■ Recorded information:
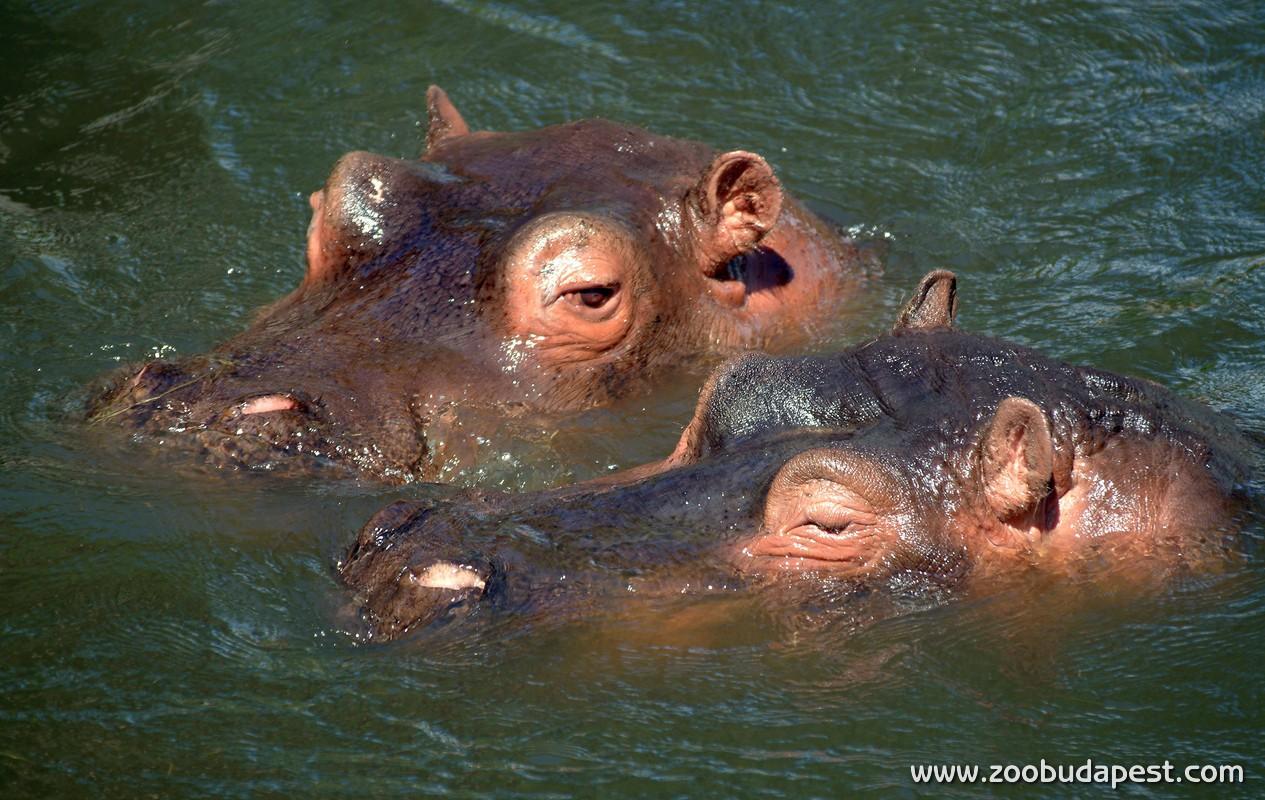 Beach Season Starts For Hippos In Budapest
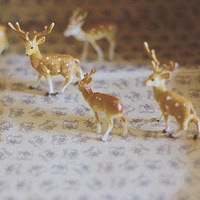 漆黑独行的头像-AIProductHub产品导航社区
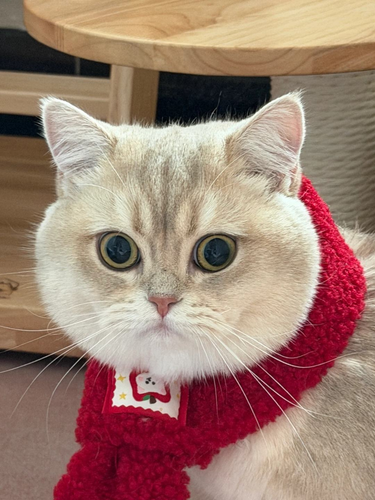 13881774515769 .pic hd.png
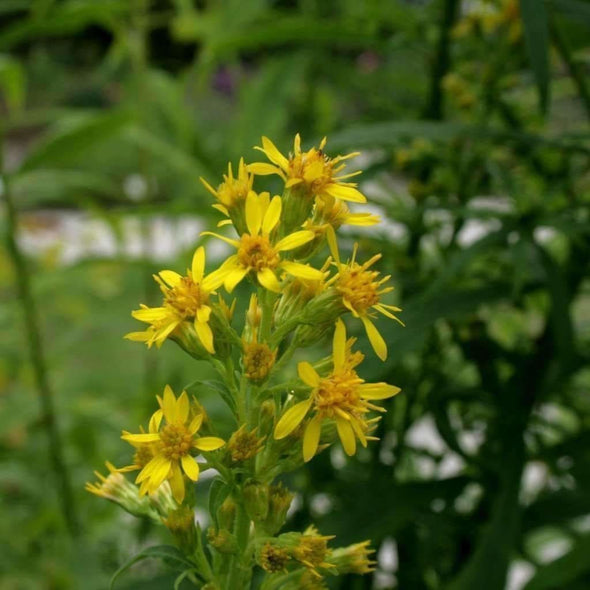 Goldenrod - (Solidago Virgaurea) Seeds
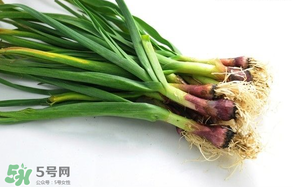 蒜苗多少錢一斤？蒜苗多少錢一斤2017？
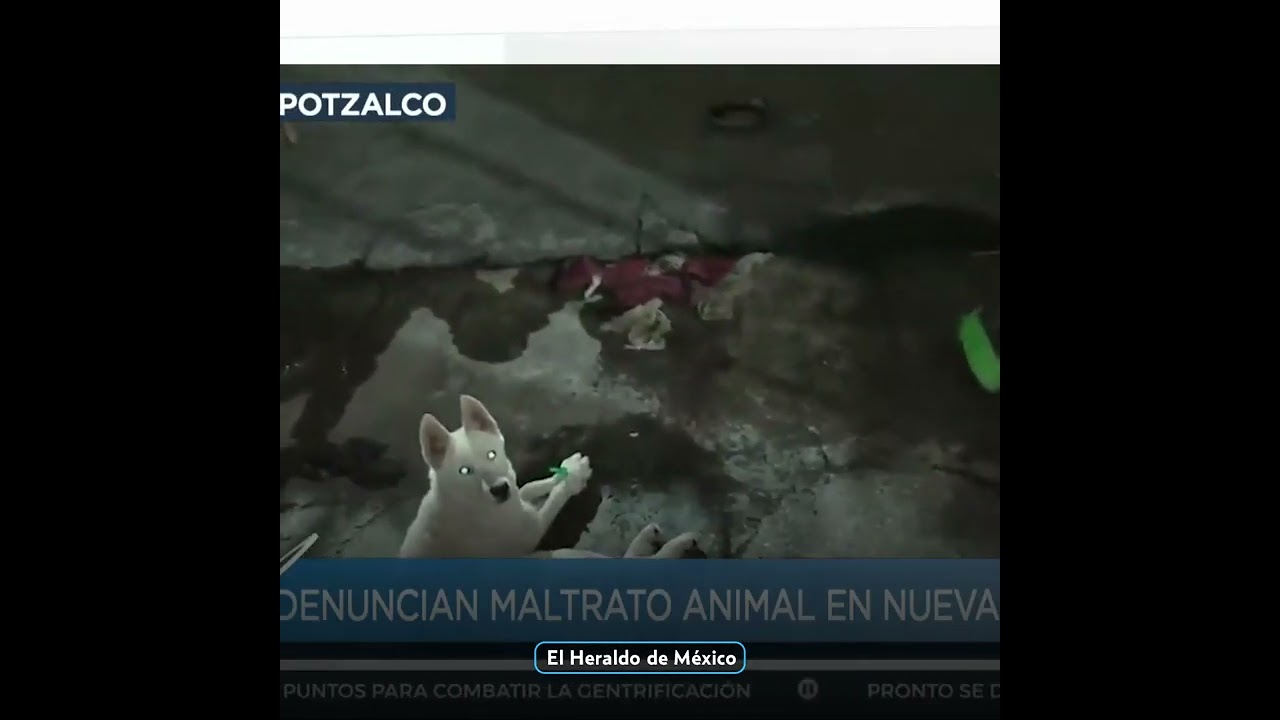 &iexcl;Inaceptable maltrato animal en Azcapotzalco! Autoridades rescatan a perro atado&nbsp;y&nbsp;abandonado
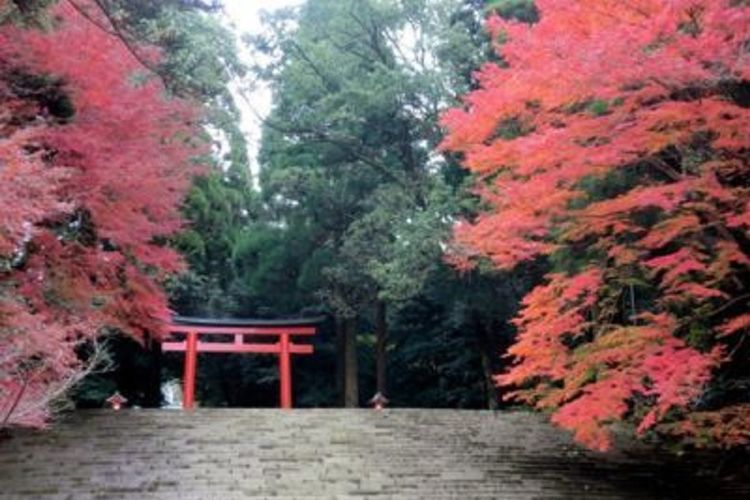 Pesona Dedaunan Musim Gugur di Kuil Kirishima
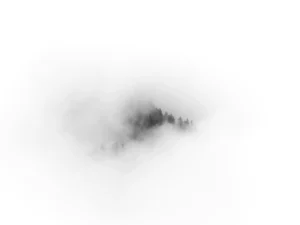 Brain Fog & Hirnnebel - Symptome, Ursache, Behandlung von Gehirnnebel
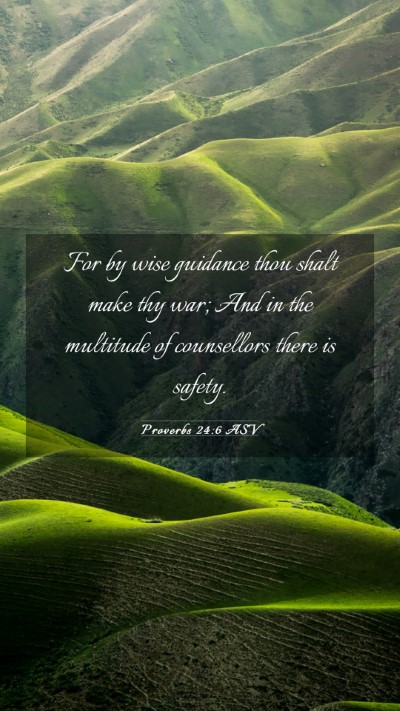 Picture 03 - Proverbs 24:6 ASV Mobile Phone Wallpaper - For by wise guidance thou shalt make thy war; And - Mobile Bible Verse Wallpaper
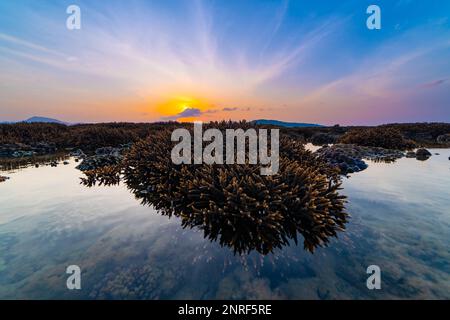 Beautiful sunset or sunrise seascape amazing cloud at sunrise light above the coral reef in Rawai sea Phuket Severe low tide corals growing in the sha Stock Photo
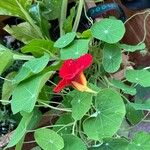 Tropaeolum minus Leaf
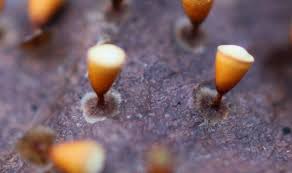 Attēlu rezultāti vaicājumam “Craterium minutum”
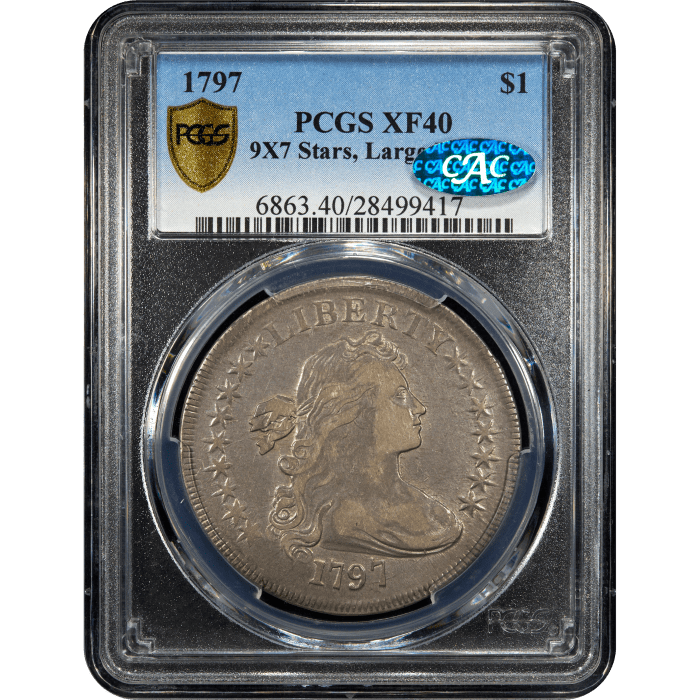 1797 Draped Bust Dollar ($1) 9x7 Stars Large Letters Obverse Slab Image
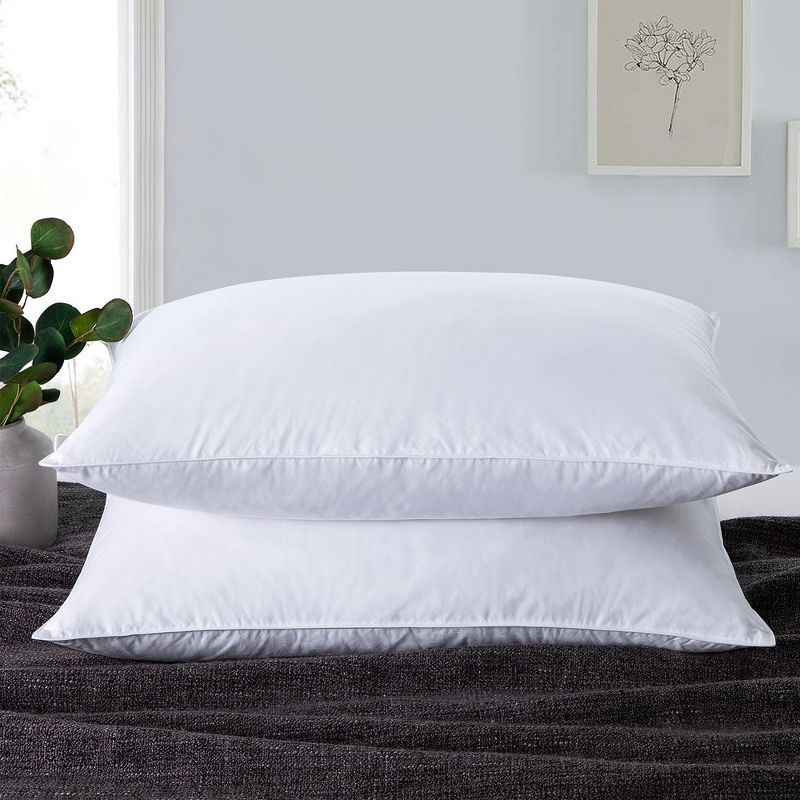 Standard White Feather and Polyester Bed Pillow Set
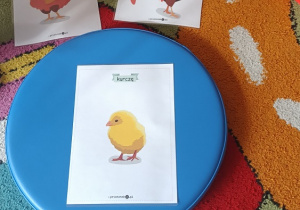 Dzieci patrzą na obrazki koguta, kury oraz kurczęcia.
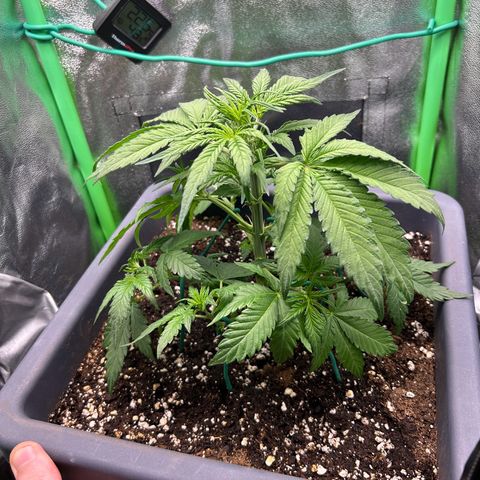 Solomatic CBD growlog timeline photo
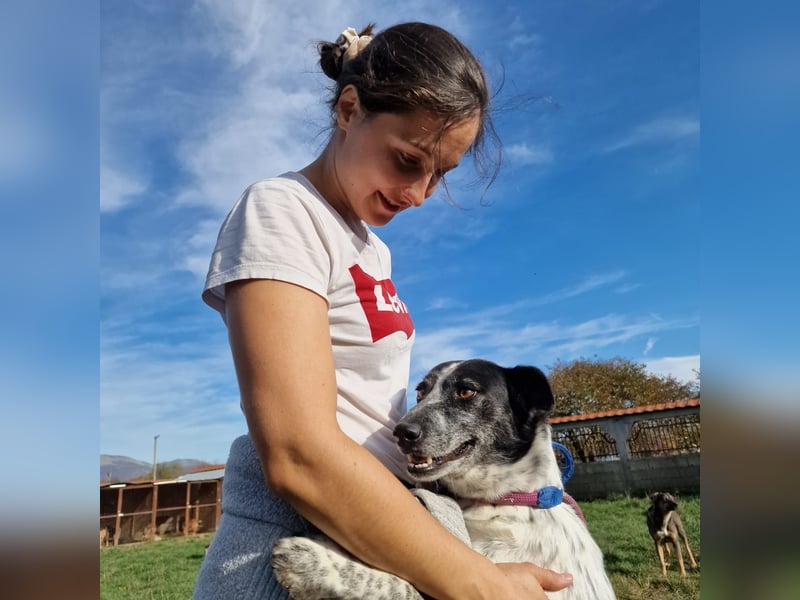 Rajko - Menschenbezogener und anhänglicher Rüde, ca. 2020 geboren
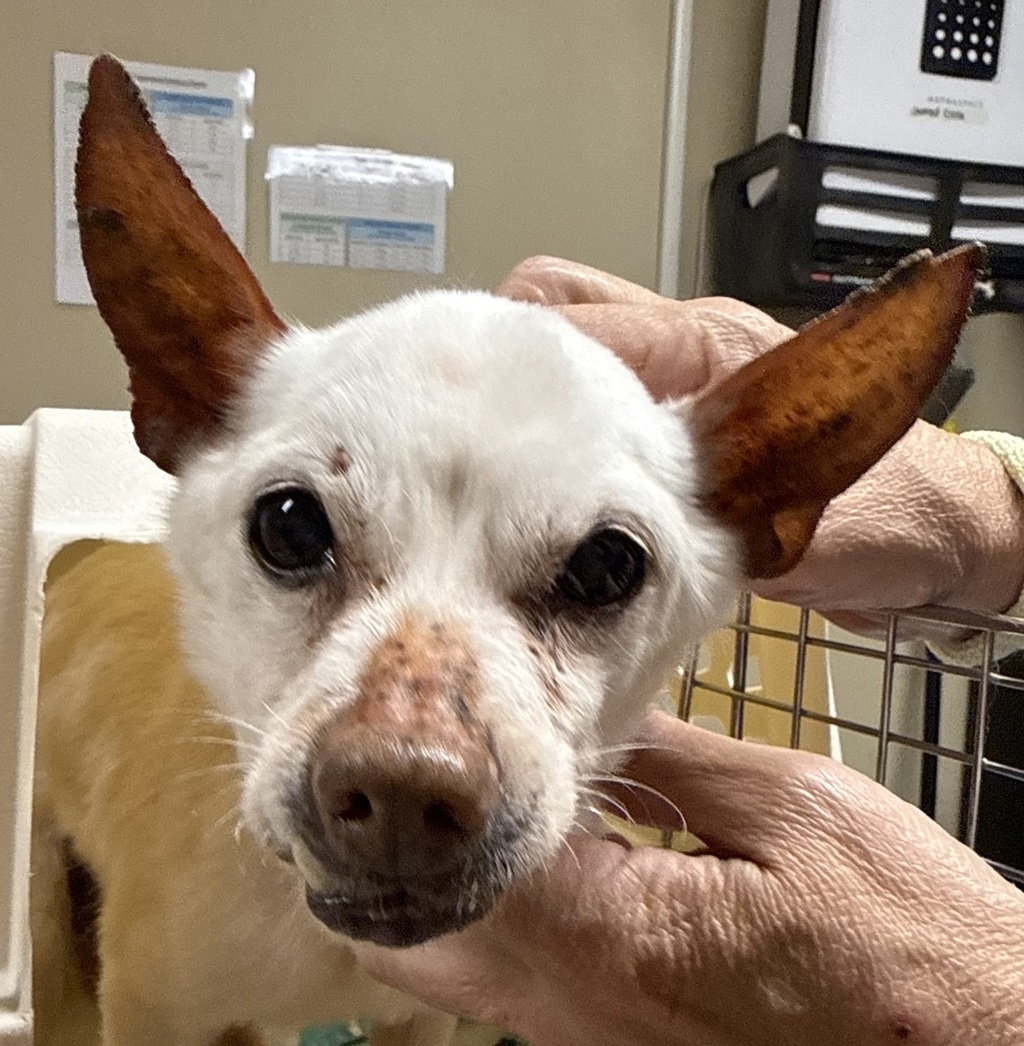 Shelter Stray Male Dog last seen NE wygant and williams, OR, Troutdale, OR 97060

■ What to produce: Reproduce the lines above beginning at the line that contains "Pesona Dedaunan Musim" and ending at the line that contains "Rajko - Menschenbezogener". No pictures.

■ Written response:
 Pesona Dedaunan Musim Gugur di Kuil Kirishima
 Brain Fog & Hirnnebel - Symptome, Ursache, Behandlung von Gehirnnebel
 Picture 03 - Proverbs 24:6 ASV Mobile Phone Wallpaper - For by wise guidance thou shalt make thy war; And - Mobile Bible Verse Wallpaper
 Beautiful sunset or sunrise seascape amazing cloud at sunrise light above the coral reef in Rawai sea Phuket Severe low tide corals growing in the sha Stock Photo
 Tropaeolum minus Leaf
 Attēlu rezultāti vaicājumam “Craterium minutum”
 1797 Draped Bust Dollar ($1) 9x7 Stars Large Letters Obverse Slab Image
 Standard White Feather and Polyester Bed Pillow Set
 Dzieci patrzą na obrazki koguta, kury oraz kurczęcia.
 Solomatic CBD growlog timeline photo
 Rajko - Menschenbezogener und anhänglicher Rüde, ca. 2020 geboren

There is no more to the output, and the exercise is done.